• [Records supplied]:
►
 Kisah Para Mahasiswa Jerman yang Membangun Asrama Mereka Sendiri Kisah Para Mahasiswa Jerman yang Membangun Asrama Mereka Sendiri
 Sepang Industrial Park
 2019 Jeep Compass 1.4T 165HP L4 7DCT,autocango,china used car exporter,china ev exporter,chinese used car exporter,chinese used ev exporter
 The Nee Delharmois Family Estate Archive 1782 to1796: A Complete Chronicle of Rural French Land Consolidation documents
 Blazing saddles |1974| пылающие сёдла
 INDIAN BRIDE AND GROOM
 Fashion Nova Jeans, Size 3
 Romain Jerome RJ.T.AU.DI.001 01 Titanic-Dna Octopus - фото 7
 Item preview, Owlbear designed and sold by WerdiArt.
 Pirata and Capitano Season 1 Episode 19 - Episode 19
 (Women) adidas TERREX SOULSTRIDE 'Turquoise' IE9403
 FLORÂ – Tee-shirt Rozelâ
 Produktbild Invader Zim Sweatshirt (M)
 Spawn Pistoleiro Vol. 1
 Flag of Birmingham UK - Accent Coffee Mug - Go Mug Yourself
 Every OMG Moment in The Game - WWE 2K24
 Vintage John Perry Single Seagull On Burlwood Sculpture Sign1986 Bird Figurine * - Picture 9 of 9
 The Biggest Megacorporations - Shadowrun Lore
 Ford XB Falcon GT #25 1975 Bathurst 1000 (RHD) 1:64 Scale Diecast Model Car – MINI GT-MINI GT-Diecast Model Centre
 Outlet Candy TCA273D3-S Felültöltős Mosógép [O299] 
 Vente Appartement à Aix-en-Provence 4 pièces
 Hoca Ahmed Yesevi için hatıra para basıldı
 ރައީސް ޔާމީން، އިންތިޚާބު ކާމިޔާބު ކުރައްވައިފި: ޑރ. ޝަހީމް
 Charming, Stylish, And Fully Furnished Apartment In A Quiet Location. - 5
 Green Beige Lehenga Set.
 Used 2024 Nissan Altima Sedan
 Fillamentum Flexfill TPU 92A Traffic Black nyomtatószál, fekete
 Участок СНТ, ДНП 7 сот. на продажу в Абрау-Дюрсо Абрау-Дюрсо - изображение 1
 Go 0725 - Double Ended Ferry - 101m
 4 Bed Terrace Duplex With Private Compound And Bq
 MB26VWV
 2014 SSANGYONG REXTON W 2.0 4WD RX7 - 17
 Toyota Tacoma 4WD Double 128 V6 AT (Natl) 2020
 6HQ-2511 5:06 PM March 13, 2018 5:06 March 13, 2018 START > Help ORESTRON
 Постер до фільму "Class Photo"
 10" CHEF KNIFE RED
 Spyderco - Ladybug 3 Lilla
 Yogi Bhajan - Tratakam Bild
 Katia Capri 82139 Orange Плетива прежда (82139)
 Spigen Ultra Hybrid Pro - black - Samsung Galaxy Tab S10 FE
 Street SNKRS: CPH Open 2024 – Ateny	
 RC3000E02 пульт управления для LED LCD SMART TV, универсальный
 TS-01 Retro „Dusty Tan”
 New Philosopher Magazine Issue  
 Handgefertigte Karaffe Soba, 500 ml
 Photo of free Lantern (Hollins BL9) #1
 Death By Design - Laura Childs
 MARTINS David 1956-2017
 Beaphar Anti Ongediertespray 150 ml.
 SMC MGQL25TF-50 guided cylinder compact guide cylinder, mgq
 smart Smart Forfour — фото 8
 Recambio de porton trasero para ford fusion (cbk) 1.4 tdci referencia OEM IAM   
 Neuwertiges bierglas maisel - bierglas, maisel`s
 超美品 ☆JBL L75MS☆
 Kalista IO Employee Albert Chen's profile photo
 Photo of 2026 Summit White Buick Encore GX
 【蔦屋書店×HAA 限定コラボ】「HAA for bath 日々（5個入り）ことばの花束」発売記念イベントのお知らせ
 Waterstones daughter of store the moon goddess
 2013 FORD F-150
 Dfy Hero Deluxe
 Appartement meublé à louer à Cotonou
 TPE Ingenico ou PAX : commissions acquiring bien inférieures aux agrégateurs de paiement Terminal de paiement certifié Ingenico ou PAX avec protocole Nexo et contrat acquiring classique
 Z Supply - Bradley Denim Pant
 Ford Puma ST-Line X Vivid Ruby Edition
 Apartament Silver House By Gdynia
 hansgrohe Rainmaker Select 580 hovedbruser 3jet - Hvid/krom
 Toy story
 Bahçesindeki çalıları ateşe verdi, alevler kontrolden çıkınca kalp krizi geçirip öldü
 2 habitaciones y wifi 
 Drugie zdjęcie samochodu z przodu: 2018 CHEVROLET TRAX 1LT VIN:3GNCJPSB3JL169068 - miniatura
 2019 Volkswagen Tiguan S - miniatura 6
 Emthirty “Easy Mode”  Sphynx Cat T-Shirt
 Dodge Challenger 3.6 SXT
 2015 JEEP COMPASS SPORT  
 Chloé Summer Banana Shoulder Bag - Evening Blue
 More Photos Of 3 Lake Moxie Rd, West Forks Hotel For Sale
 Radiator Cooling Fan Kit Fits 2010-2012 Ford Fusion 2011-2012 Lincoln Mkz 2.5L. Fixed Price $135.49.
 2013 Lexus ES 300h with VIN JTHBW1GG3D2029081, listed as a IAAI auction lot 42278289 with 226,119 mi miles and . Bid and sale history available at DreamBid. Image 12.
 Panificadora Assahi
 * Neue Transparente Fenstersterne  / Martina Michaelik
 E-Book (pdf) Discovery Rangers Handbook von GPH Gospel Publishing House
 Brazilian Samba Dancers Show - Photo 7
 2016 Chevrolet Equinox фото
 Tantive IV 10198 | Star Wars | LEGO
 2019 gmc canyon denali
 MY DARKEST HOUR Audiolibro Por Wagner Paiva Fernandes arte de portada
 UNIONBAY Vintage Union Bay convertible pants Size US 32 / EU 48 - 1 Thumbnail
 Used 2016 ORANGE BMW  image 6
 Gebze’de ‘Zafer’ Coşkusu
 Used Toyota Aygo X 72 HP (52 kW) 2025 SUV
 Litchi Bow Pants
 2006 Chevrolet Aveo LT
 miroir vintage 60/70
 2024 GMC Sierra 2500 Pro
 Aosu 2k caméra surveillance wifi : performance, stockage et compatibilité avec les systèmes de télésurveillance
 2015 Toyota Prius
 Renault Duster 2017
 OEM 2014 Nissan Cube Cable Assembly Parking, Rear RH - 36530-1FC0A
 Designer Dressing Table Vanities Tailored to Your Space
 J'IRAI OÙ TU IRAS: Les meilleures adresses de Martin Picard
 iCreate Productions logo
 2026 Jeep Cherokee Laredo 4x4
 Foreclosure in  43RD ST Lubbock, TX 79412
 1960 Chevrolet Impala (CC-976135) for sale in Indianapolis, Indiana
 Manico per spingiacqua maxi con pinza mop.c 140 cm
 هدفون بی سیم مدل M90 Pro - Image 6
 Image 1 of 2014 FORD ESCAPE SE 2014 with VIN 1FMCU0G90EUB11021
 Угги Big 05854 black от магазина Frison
◄
• [Try it]: All the records above need to be output exactly, with none omitted.

• [Result for this exercise]:
 Kisah Para Mahasiswa Jerman yang Membangun Asrama Mereka Sendiri Kisah Para Mahasiswa Jerman yang Membangun Asrama Mereka Sendiri
 Sepang Industrial Park
 2019 Jeep Compass 1.4T 165HP L4 7DCT,autocango,china used car exporter,china ev exporter,chinese used car exporter,chinese used ev exporter
 The Nee Delharmois Family Estate Archive 1782 to1796: A Complete Chronicle of Rural French Land Consolidation documents
 Blazing saddles |1974| пылающие сёдла
 INDIAN BRIDE AND GROOM
 Fashion Nova Jeans, Size 3
 Romain Jerome RJ.T.AU.DI.001 01 Titanic-Dna Octopus - фото 7
 Item preview, Owlbear designed and sold by WerdiArt.
 Pirata and Capitano Season 1 Episode 19 - Episode 19
 (Women) adidas TERREX SOULSTRIDE 'Turquoise' IE9403
 FLORÂ – Tee-shirt Rozelâ
 Produktbild Invader Zim Sweatshirt (M)
 Spawn Pistoleiro Vol. 1
 Flag of Birmingham UK - Accent Coffee Mug - Go Mug Yourself
 Every OMG Moment in The Game - WWE 2K24
 Vintage John Perry Single Seagull On Burlwood Sculpture Sign1986 Bird Figurine * - Picture 9 of 9
 The Biggest Megacorporations - Shadowrun Lore
 Ford XB Falcon GT #25 1975 Bathurst 1000 (RHD) 1:64 Scale Diecast Model Car – MINI GT-MINI GT-Diecast Model Centre
 Outlet Candy TCA273D3-S Felültöltős Mosógép [O299] 
 Vente Appartement à Aix-en-Provence 4 pièces
 Hoca Ahmed Yesevi için hatıra para basıldı
 ރައީސް ޔާމީން، އިންތިޚާބު ކާމިޔާބު ކުރައްވައިފި: ޑރ. ޝަހީމް
 Charming, Stylish, And Fully Furnished Apartment In A Quiet Location. - 5
 Green Beige Lehenga Set.
 Used 2024 Nissan Altima Sedan
 Fillamentum Flexfill TPU 92A Traffic Black nyomtatószál, fekete
 Участок СНТ, ДНП 7 сот. на продажу в Абрау-Дюрсо Абрау-Дюрсо - изображение 1
 Go 0725 - Double Ended Ferry - 101m
 4 Bed Terrace Duplex With Private Compound And Bq
 MB26VWV
 2014 SSANGYONG REXTON W 2.0 4WD RX7 - 17
 Toyota Tacoma 4WD Double 128 V6 AT (Natl) 2020
 6HQ-2511 5:06 PM March 13, 2018 5:06 March 13, 2018 START > Help ORESTRON
 Постер до фільму "Class Photo"
 10" CHEF KNIFE RED
 Spyderco - Ladybug 3 Lilla
 Yogi Bhajan - Tratakam Bild
 Katia Capri 82139 Orange Плетива прежда (82139)
 Spigen Ultra Hybrid Pro - black - Samsung Galaxy Tab S10 FE
 Street SNKRS: CPH Open 2024 – Ateny	
 RC3000E02 пульт управления для LED LCD SMART TV, универсальный
 TS-01 Retro „Dusty Tan”
 New Philosopher Magazine Issue  
 Handgefertigte Karaffe Soba, 500 ml
 Photo of free Lantern (Hollins BL9) #1
 Death By Design - Laura Childs
 MARTINS David 1956-2017
 Beaphar Anti Ongediertespray 150 ml.
 SMC MGQL25TF-50 guided cylinder compact guide cylinder, mgq
 smart Smart Forfour — фото 8
 Recambio de porton trasero para ford fusion (cbk) 1.4 tdci referencia OEM IAM   
 Neuwertiges bierglas maisel - bierglas, maisel`s
 超美品 ☆JBL L75MS☆
 Kalista IO Employee Albert Chen's profile photo
 Photo of 2026 Summit White Buick Encore GX
 【蔦屋書店×HAA 限定コラボ】「HAA for bath 日々（5個入り）ことばの花束」発売記念イベントのお知らせ
 Waterstones daughter of store the moon goddess
 2013 FORD F-150
 Dfy Hero Deluxe
 Appartement meublé à louer à Cotonou
 TPE Ingenico ou PAX : commissions acquiring bien inférieures aux agrégateurs de paiement Terminal de paiement certifié Ingenico ou PAX avec protocole Nexo et contrat acquiring classique
 Z Supply - Bradley Denim Pant
 Ford Puma ST-Line X Vivid Ruby Edition
 Apartament Silver House By Gdynia
 hansgrohe Rainmaker Select 580 hovedbruser 3jet - Hvid/krom
 Toy story
 Bahçesindeki çalıları ateşe verdi, alevler kontrolden çıkınca kalp krizi geçirip öldü
 2 habitaciones y wifi 
 Drugie zdjęcie samochodu z przodu: 2018 CHEVROLET TRAX 1LT VIN:3GNCJPSB3JL169068 - miniatura
 2019 Volkswagen Tiguan S - miniatura 6
 Emthirty “Easy Mode”  Sphynx Cat T-Shirt
 Dodge Challenger 3.6 SXT
 2015 JEEP COMPASS SPORT  
 Chloé Summer Banana Shoulder Bag - Evening Blue
 More Photos Of 3 Lake Moxie Rd, West Forks Hotel For Sale
 Radiator Cooling Fan Kit Fits 2010-2012 Ford Fusion 2011-2012 Lincoln Mkz 2.5L. Fixed Price $135.49.
 2013 Lexus ES 300h with VIN JTHBW1GG3D2029081, listed as a IAAI auction lot 42278289 with 226,119 mi miles and . Bid and sale history available at DreamBid. Image 12.
 Panificadora Assahi
 * Neue Transparente Fenstersterne  / Martina Michaelik
 E-Book (pdf) Discovery Rangers Handbook von GPH Gospel Publishing House
 Brazilian Samba Dancers Show - Photo 7
 2016 Chevrolet Equinox фото
 Tantive IV 10198 | Star Wars | LEGO
 2019 gmc canyon denali
 MY DARKEST HOUR Audiolibro Por Wagner Paiva Fernandes arte de portada
 UNIONBAY Vintage Union Bay convertible pants Size US 32 / EU 48 - 1 Thumbnail
 Used 2016 ORANGE BMW  image 6
 Gebze’de ‘Zafer’ Coşkusu
 Used Toyota Aygo X 72 HP (52 kW) 2025 SUV
 Litchi Bow Pants
 2006 Chevrolet Aveo LT
 miroir vintage 60/70
 2024 GMC Sierra 2500 Pro
 Aosu 2k caméra surveillance wifi : performance, stockage et compatibilité avec les systèmes de télésurveillance
 2015 Toyota Prius
 Renault Duster 2017
 OEM 2014 Nissan Cube Cable Assembly Parking, Rear RH - 36530-1FC0A
 Designer Dressing Table Vanities Tailored to Your Space
 J'IRAI OÙ TU IRAS: Les meilleures adresses de Martin Picard
 iCreate Productions logo
 2026 Jeep Cherokee Laredo 4x4
 Foreclosure in  43RD ST Lubbock, TX 79412
 1960 Chevrolet Impala (CC-976135) for sale in Indianapolis, Indiana
 Manico per spingiacqua maxi con pinza mop.c 140 cm
 هدفون بی سیم مدل M90 Pro - Image 6
 Image 1 of 2014 FORD ESCAPE SE 2014 with VIN 1FMCU0G90EUB11021
 Угги Big 05854 black от магазина Frison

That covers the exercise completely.